* _Supplied material_:
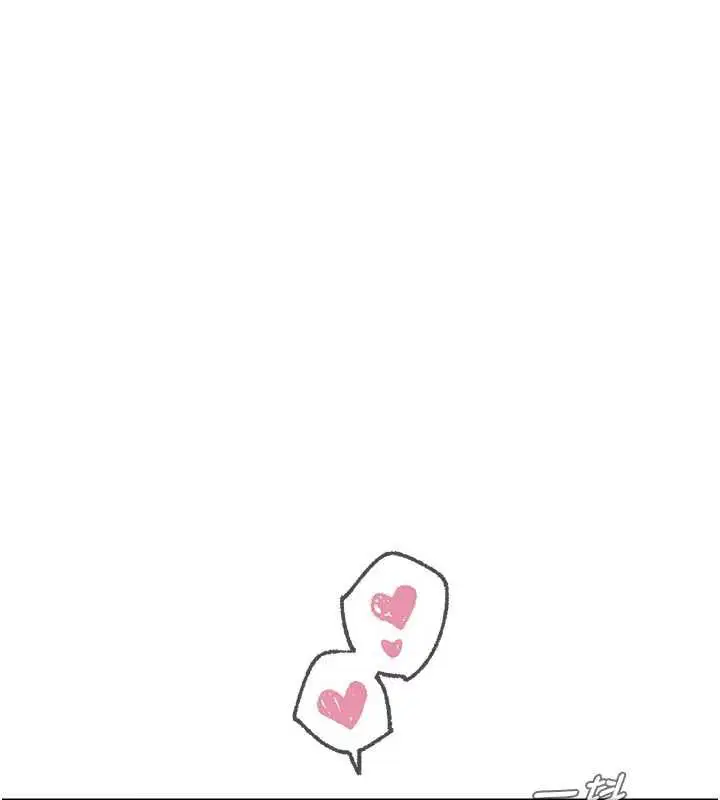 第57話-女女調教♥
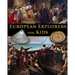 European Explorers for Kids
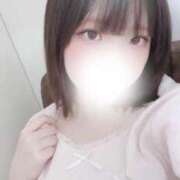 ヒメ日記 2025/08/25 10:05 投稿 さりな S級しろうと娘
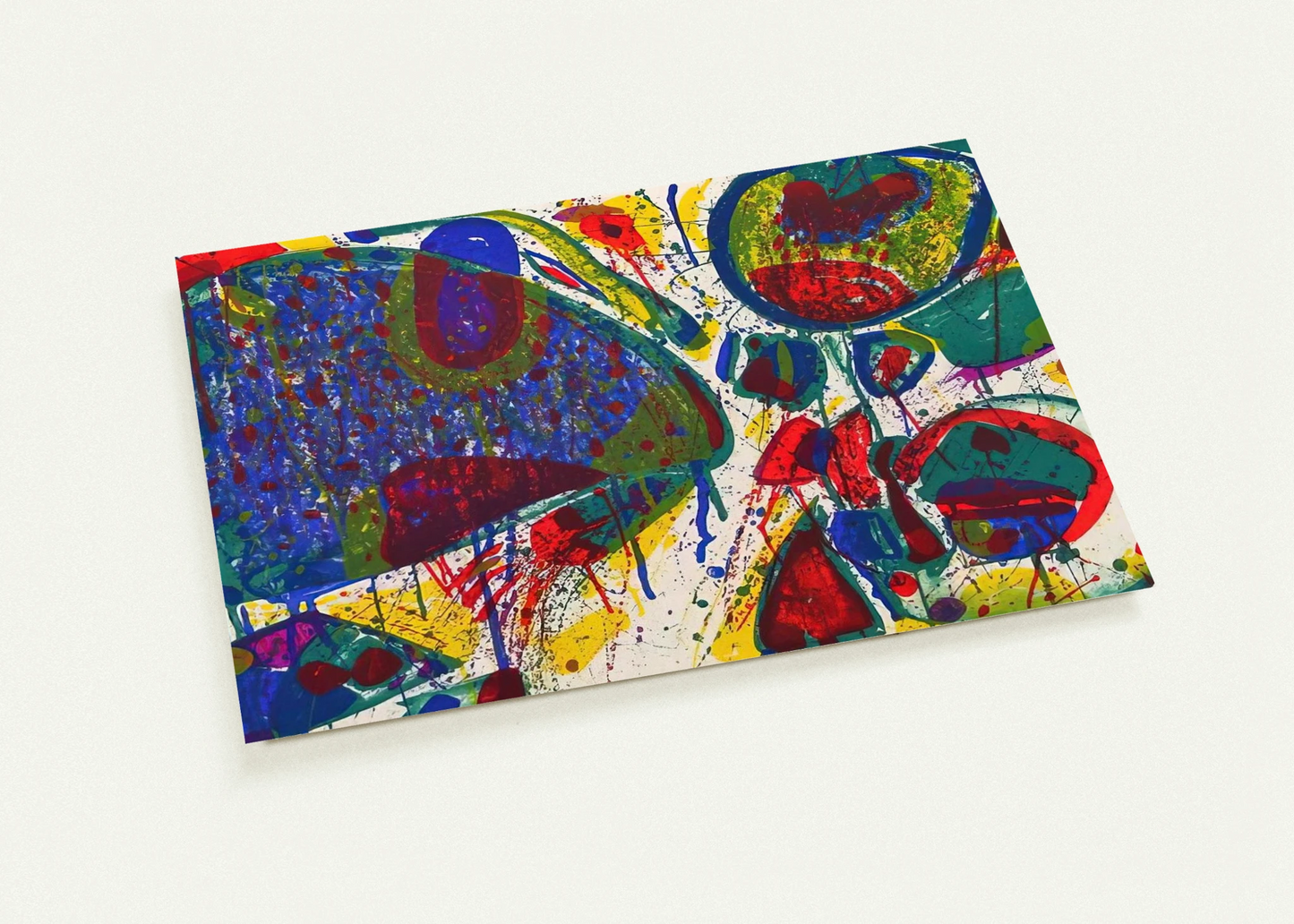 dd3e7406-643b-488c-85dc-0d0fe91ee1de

* _What you need to do_:
Print the entire listing precisely as written, omitting the images it holds.

* _Worked solution_:
 第57話-女女調教♥
 European Explorers for Kids
 ヒメ日記 2025/08/25 10:05 投稿 さりな S級しろうと娘
 dd3e7406-643b-488c-85dc-0d0fe91ee1de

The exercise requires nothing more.